The Problem with Spaces
When Apple first announced Spaces at last year's WWDC, officially bringing virtual desktops to Leopard, all I could think of was "Yes, finally!" Unfortunately, after seeing the final product, I happen to agree with Henry Story and John Gruber: Spaces is broken. Gruber nailed the crux of the problem:
In short, Spaces seems designed for app partitioning, not task partitioning.
Like Henry, I've been a virtual desktop user for a very long time, probably since the early 1990s. Along with many Unix geeks, I started using virtual desktops while running X11 on a Unix workstation. There were many X11 window managers that supported virtual desktops. I started off using tvtwm, switched to fvwm, and then used whatever window manager was the default with GNOME.

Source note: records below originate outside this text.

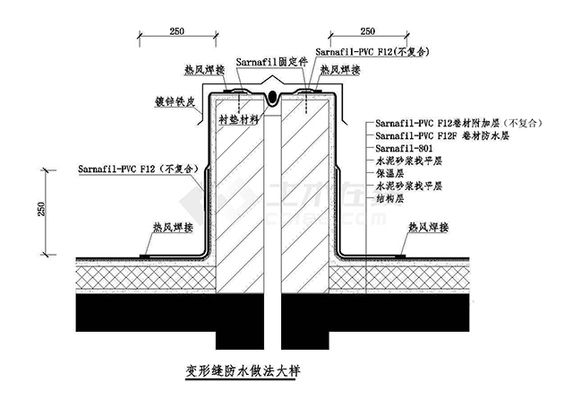 鋼構(gòu)廠(chǎng)房屋面做法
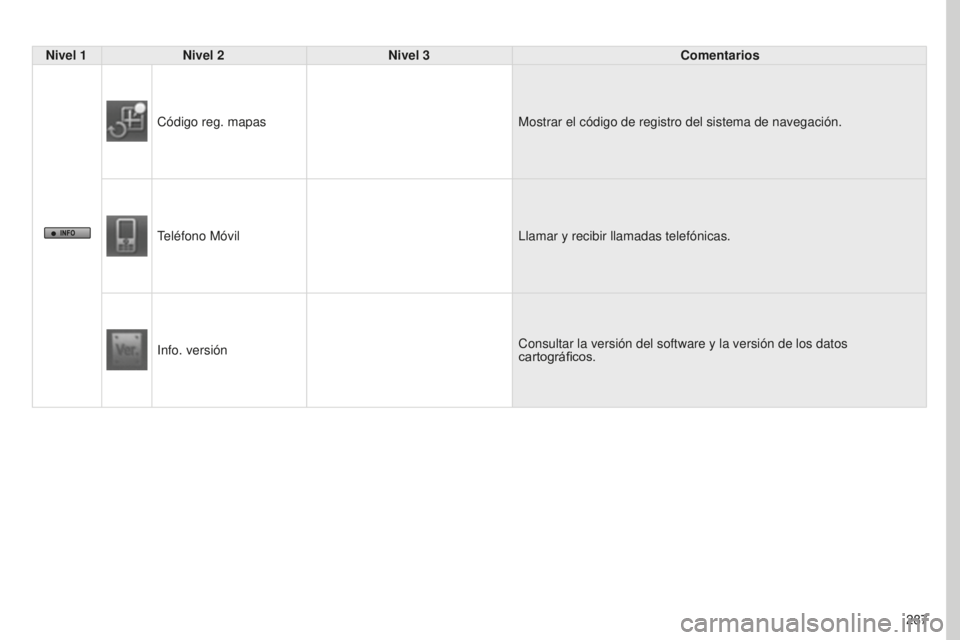 PEUGEOT 4008 2017  Manual del propietario (in Spanish) 287
4008_ES_CHAP10B_MITSU6_ED01-2016
Nivel 1Nivel 2 Nivel 3 Comentarios
Código reg. mapas Mostrar el código de registro del sistema de navegación.
Teléfono Móvil Llamar y recibir llamadas telefó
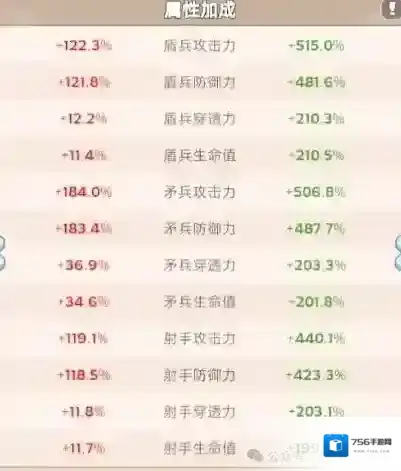 无尽冬日战报加成怎么看的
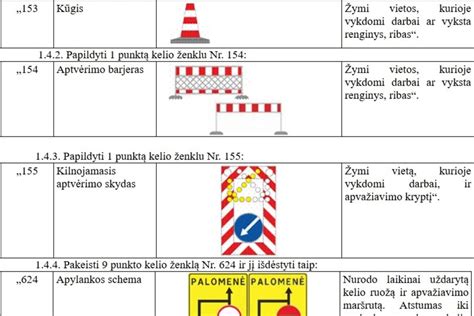 Eismo situacijos iliustracija su posūkio signalais ir galimomis klaidomis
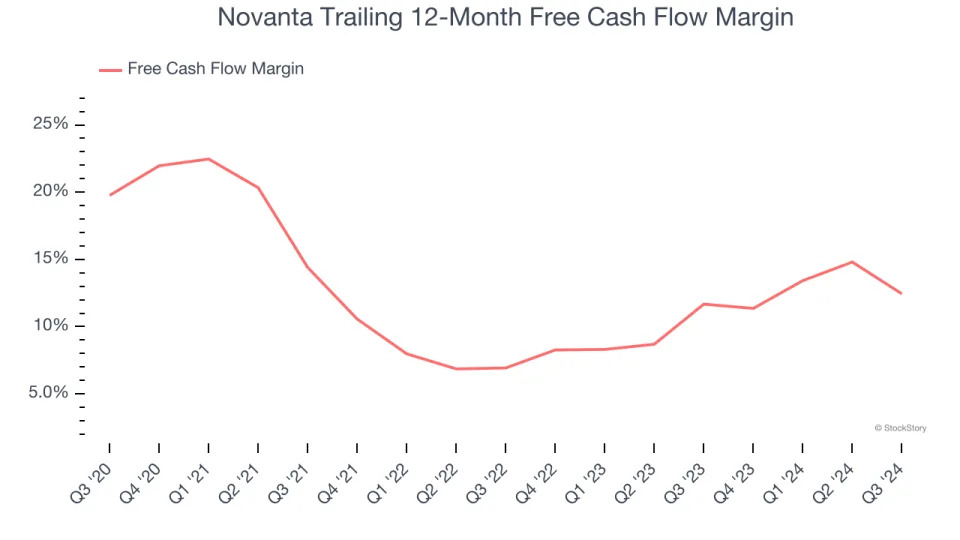 3 Reasons NOVT is Risky and 1 Stock to Buy Instead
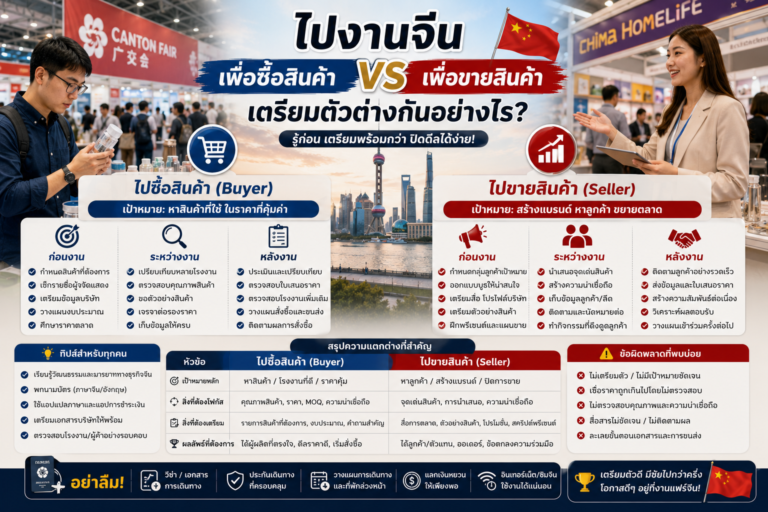 ไปงานจีนเพื่อซื้อสินค้า กับไปขายสินค้า ต้องเตรียมตัวต่างกันอย่างไร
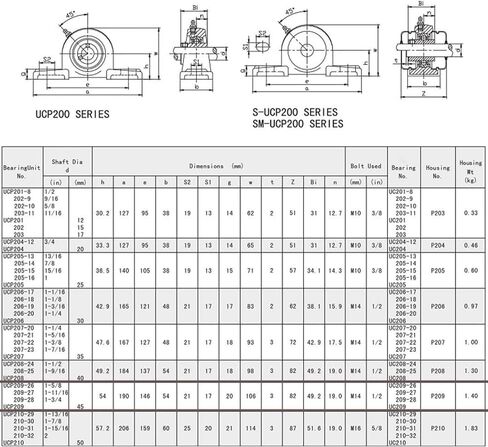 Jeremywell UCP210-31 Pillow Block Bearing (2 Pack), 1-15/16 inch Bore, 2 Bolt Flange Mounted, Solid Cast Iron Base, Self-Alignment in Kuwait
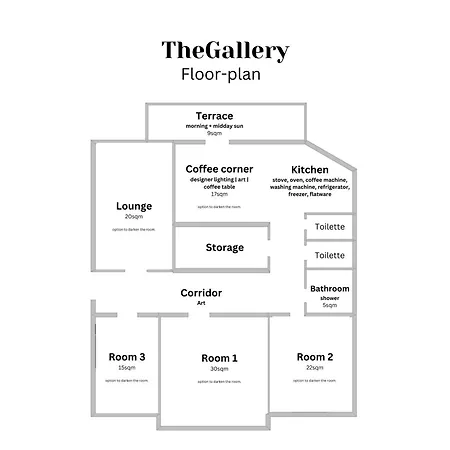 Thegallery Munich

After GNOME, I jumped on the OS X bandwagon and immediately started using CodeTek VirtualDesktop. They never released an Intel-native version, so I switched to VirtueDesktops. This died when Spaces was announced for Leopard.
The point of all this is that although Spaces may be the first supported virtual desktop implementation on a commercial OS outside of Unix, virtual desktops is not a new idea. While Spaces is most certainly the sexiest and slickest implementation around, it also ignores much of the history of virtual desktops and their feature set. This results in a not-so-usable end product.

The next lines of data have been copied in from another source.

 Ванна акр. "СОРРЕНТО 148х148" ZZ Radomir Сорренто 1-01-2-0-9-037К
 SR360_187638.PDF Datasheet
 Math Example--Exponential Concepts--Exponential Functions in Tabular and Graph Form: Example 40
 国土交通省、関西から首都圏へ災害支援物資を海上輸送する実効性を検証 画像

I believe a major part of them problem is that Apple tried to make virtual desktops accessible to the average user. However, I think no matter how much spit, polish, and animation Apple puts on Spaces, virtual desktops is a power user feature. Spaces is broken because it is designed for the wrong user.
The power user most likely has N.A.D.D. This basically means they're doing multiple tasks at the same time. For me, this means I may be working on multiple coding projects. Each project consists of an Xcode window, one or more terminal windows, and one or more web browser windows. Up until Spaces, I've used virtual desktops to segregate all windows related to a project to one desktop. Spaces really does not like this kind of setup. It really wants all of my Xcode windows in one space, all of my terminal windows in one space, and all of my browser windows in one space. Broken. At least for me. Tasks != applications.
You can beat Spaces into submission by using the Dock menus to create new windows on other spaces or dragging windows around in the zoomed out view. But this is clearly a pain in the ass, and negates much of the benefit of using Spaces. So far, it's still more useful than pain, so I still use Spaces. But I do curse under my breath every time I need to open a new Safari window on a new space.
Okay, enough bitching, how can we fix it? I've seen a couple of solutions. Henry mentions that Command-Tab should just not switch spaces on you. While I agree, this may confuse new users. elliottcable's solution is a per-app preference. I think he's close, however, I don't agree that Command-Tab should automatically create a new window, if none exist. I think it should just activate the app, i.e. show its menu bar. Then I can do Command-N or Command-O or whatever to open a new window on that space. Though, if there was a global pref to make all applications work this way, I wouldn't complain.
One final gripe is the key bindings for Spaces. The only key bindings for switching desktops is Control + arrow keys. I usually work with my fingers in one of two keyboard configurations: both hands on the home row, or left hand on the home row and right hand on the mouse. Control + arrow keys sucks for both of these configurations. Ideally, I'd love to be able to configure "switch desktop up/down/left/right" individually and to any modifiers + key I want. Personally, I'd use Control + Option + e/d/s/f. While it looks contorted, it's not bad for an old Emacs user like myself. And it works well in both of my keyboard configurations.
Let Them Eat Cake
Given all the discussion about Spaces and how some people like it fine just the way it is and others find it badly broken, I think it's biggest weakness is lack of configurability. I don't think there's one mode of operation that can satisfy everyone. Power users love configurability. Unfortunately, Apple tried to make virtual desktops available to the masses, but annoyed its true users: the power user. I'm all for keeping preferences down to a minimum, but sometimes you just gotta open the floodgates for the power user. Ultimately, the true way to fix the problem is to let Apple know there is a problem. If there are enough of us (and I hope there are), maybe they'll listen.